■ **TASK OBJECTIVE**: In this exercise, print only the lines of the records below from the one with "Sterling Silver Padlock" through the one with "Hair twine comb", inclusive. Pictures are not part of the copy.

■ **EXERCISE MATERIALS**:
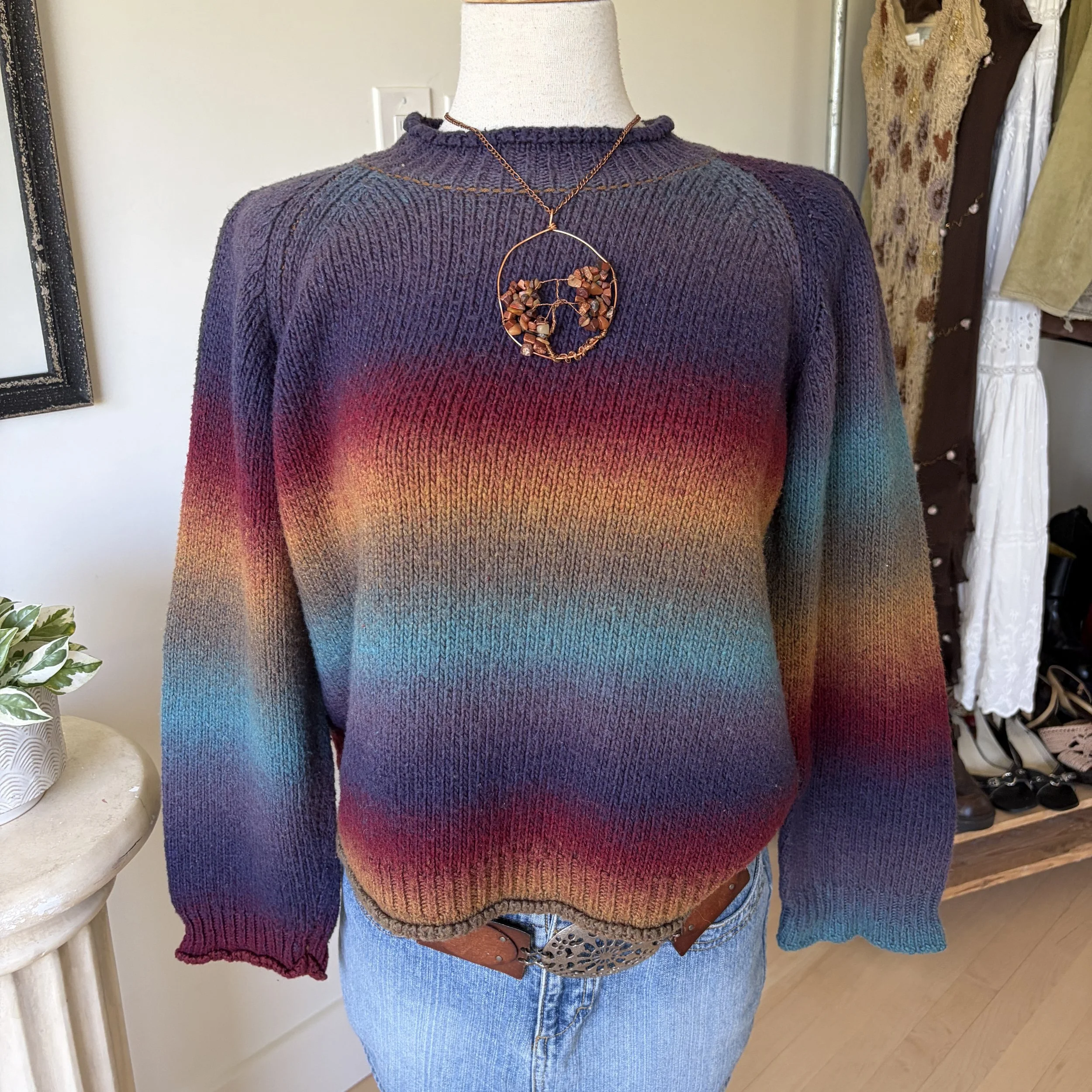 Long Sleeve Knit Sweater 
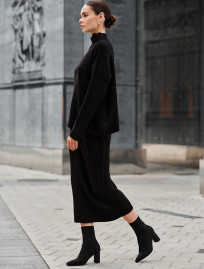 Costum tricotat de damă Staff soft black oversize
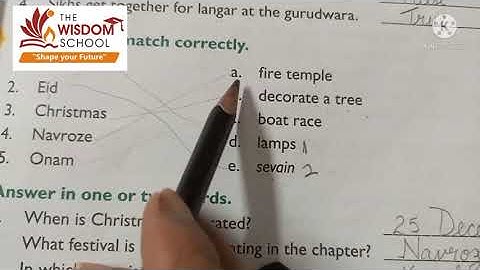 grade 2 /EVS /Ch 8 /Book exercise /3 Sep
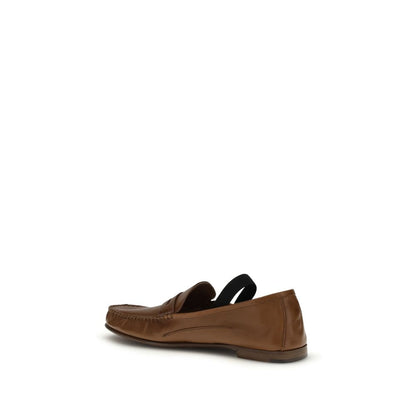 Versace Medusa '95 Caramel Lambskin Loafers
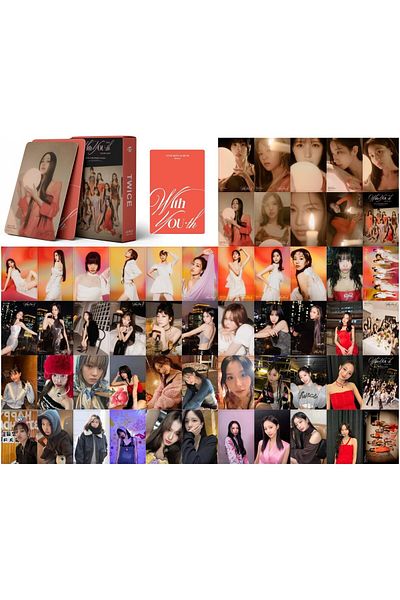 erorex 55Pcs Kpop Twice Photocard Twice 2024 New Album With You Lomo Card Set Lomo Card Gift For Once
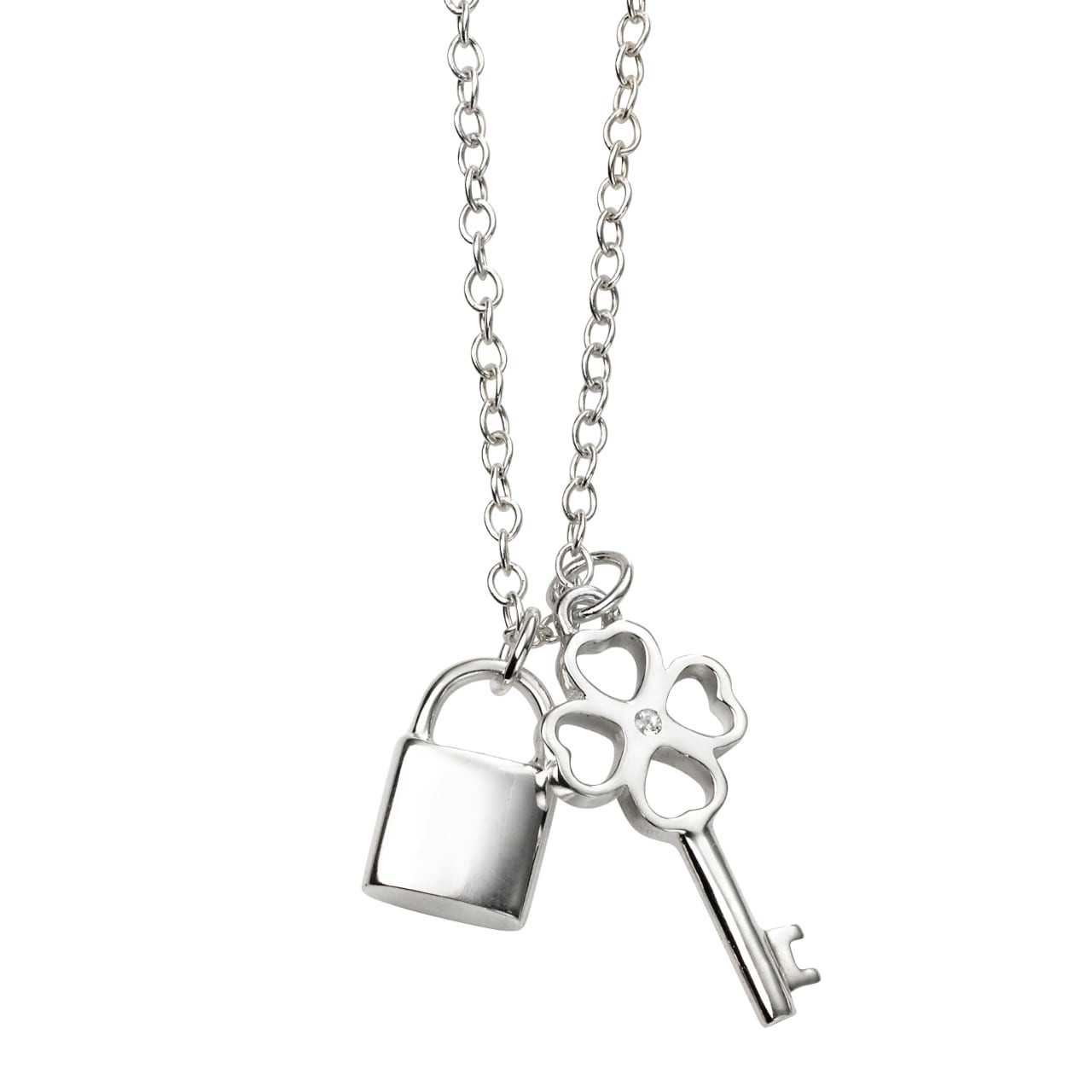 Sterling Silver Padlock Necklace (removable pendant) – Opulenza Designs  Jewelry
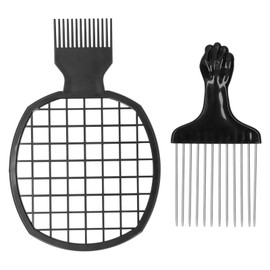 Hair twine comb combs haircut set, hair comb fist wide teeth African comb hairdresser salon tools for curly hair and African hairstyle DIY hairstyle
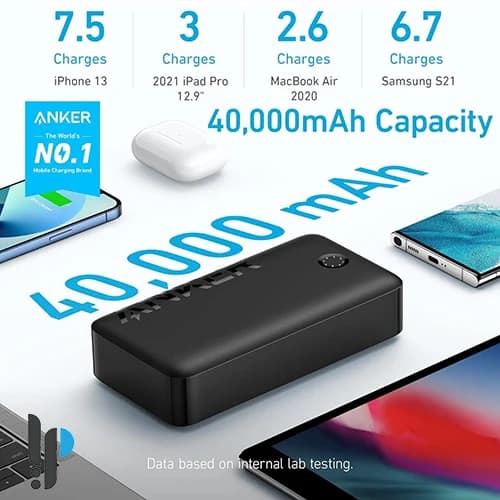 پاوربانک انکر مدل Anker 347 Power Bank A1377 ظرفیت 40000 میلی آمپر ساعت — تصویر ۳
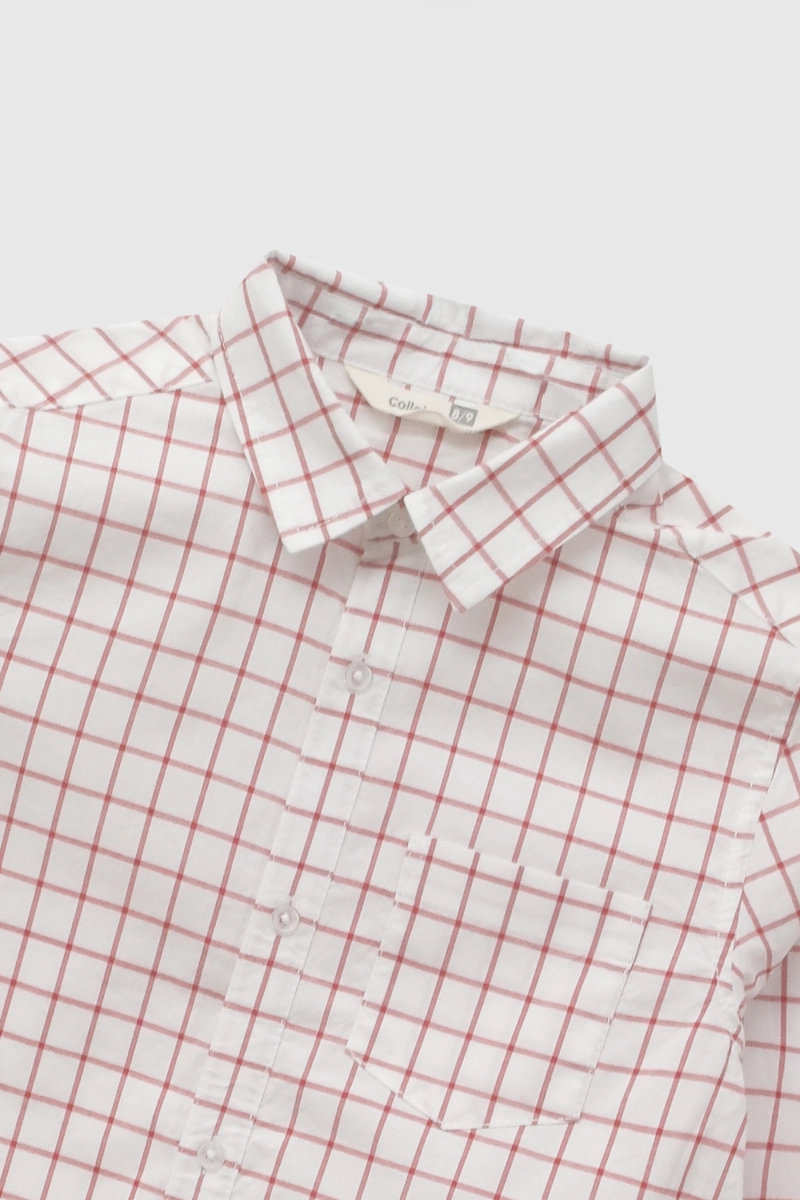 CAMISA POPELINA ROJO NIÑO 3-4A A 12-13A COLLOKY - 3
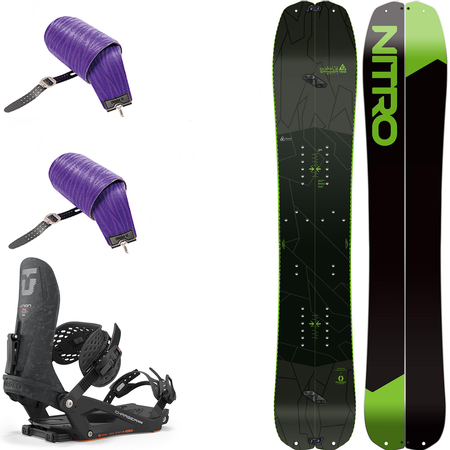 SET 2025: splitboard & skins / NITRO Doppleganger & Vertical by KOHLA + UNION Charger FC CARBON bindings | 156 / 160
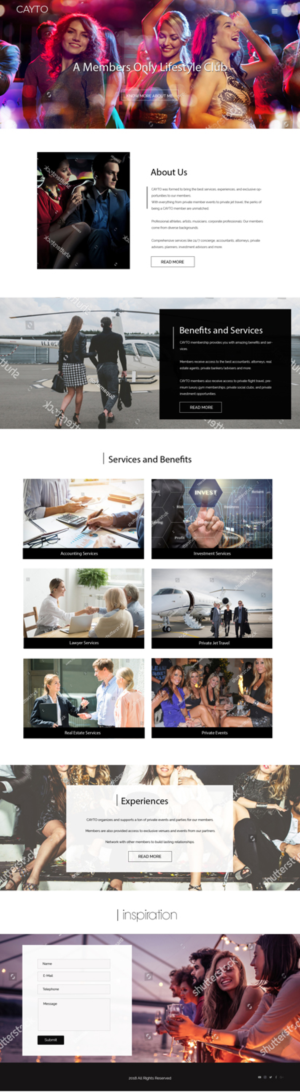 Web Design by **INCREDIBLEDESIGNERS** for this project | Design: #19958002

■ **TASK OUTPUT**:
 Sterling Silver Padlock Necklace (removable pendant) – Opulenza Designs  Jewelry
 Hair twine comb combs haircut set, hair comb fist wide teeth African comb hairdresser salon tools for curly hair and African hairstyle DIY hairstyle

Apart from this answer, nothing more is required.